> **Stored data**
────────────────────
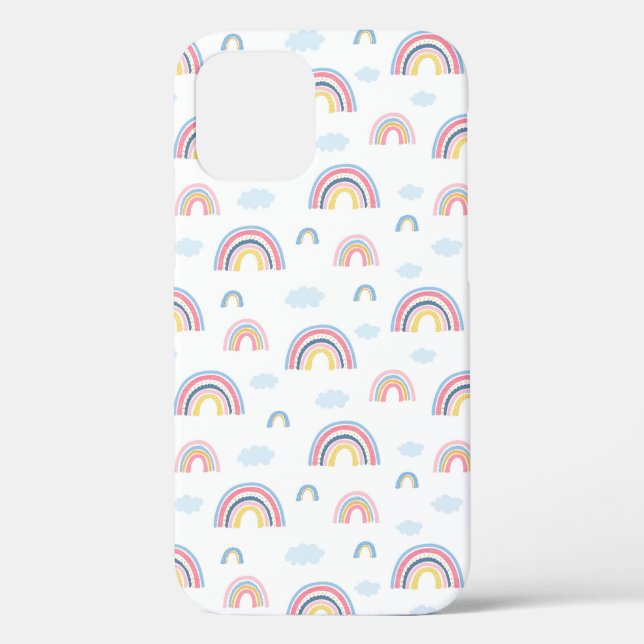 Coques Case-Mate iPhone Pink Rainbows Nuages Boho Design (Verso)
────────────────────
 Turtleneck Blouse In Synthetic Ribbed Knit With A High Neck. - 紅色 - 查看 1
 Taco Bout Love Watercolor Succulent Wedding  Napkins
────────────────────
Only those lines of the entries above that run from the line containing "Turtleneck Blouse In" to the line containing "Taco Bout Love", both included, should be transcribed exactly.

 Turtleneck Blouse In Synthetic Ribbed Knit With A High Neck. - 紅色 - 查看 1
 Taco Bout Love Watercolor Succulent Wedding  Napkins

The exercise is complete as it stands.